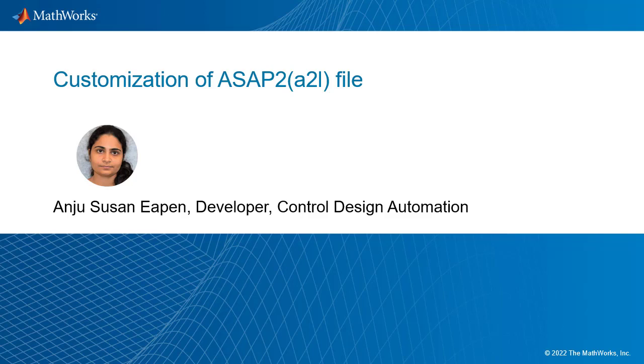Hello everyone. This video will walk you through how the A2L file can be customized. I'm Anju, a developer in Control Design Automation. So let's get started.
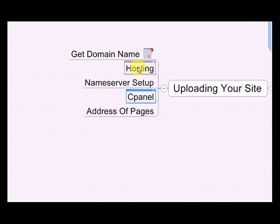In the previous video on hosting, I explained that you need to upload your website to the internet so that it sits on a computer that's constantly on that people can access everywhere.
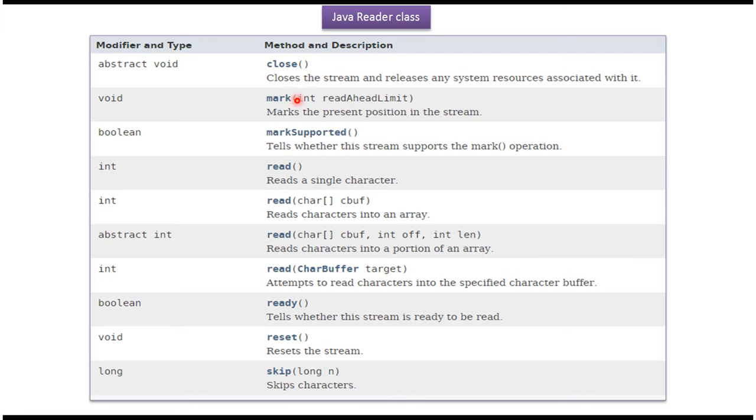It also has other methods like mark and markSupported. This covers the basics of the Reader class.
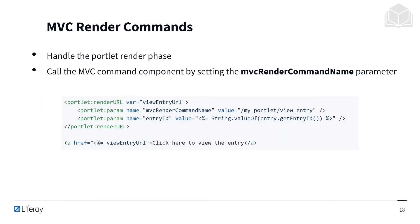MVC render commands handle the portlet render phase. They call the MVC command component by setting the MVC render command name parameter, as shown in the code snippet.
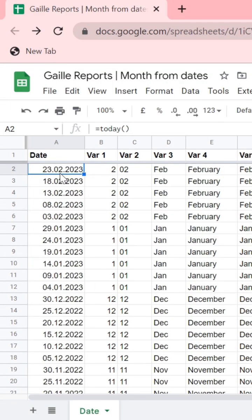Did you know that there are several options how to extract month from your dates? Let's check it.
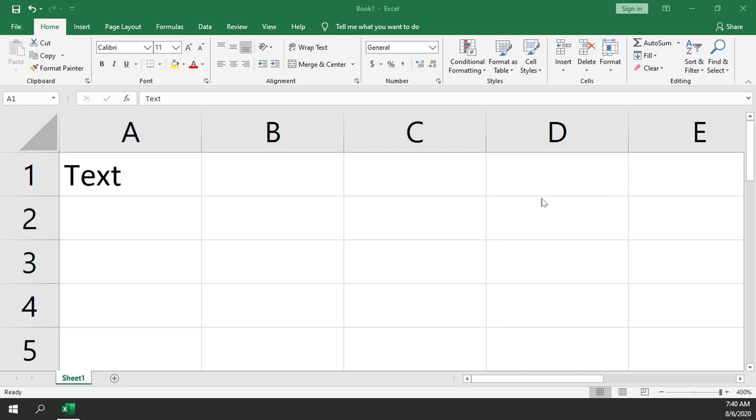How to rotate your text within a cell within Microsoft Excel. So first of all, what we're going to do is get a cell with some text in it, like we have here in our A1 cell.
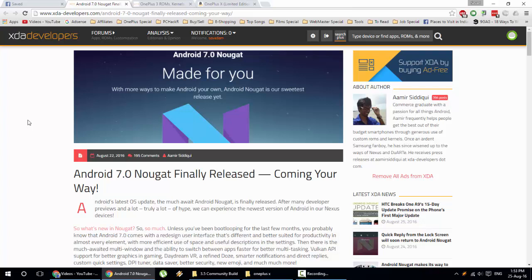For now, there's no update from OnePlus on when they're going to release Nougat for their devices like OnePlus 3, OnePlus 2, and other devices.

==

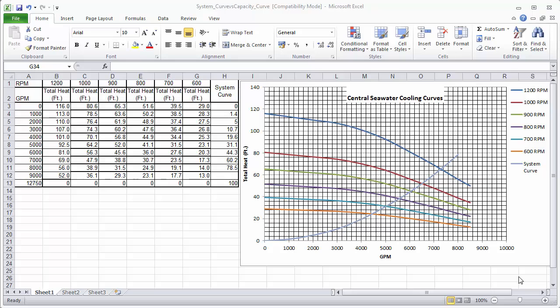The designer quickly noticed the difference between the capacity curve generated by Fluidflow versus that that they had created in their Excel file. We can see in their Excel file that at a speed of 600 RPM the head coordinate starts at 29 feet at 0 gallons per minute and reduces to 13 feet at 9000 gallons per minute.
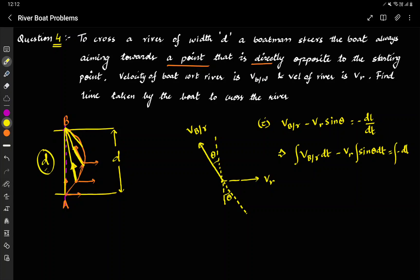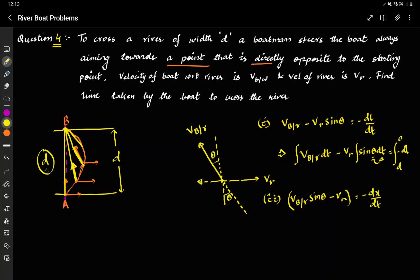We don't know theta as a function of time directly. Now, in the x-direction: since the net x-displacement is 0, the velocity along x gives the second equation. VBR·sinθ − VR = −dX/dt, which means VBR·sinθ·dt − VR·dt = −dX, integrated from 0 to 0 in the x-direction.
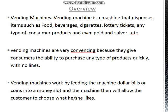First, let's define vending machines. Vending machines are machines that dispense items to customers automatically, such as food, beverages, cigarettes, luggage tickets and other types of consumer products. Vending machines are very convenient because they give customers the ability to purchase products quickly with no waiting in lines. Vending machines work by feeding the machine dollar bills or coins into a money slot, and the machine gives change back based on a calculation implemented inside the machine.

**Aim of the exercise:** Print an exact copy of the lines above, from the one containing "In the previous" through the one containing "How to rotate", and leave out the pictures.

**Output below:**
In the previous video on hosting, I explained that you need to upload your website to the internet so that it sits on a computer that's constantly on that people can access everywhere.
It also has other methods like mark and markSupported. This covers the basics of the Reader class.
MVC render commands handle the portlet render phase. They call the MVC command component by setting the MVC render command name parameter, as shown in the code snippet.
Did you know that there are several options how to extract month from your dates? Let's check it.
How to rotate your text within a cell within Microsoft Excel. So first of all, what we're going to do is get a cell with some text in it, like we have here in our A1 cell.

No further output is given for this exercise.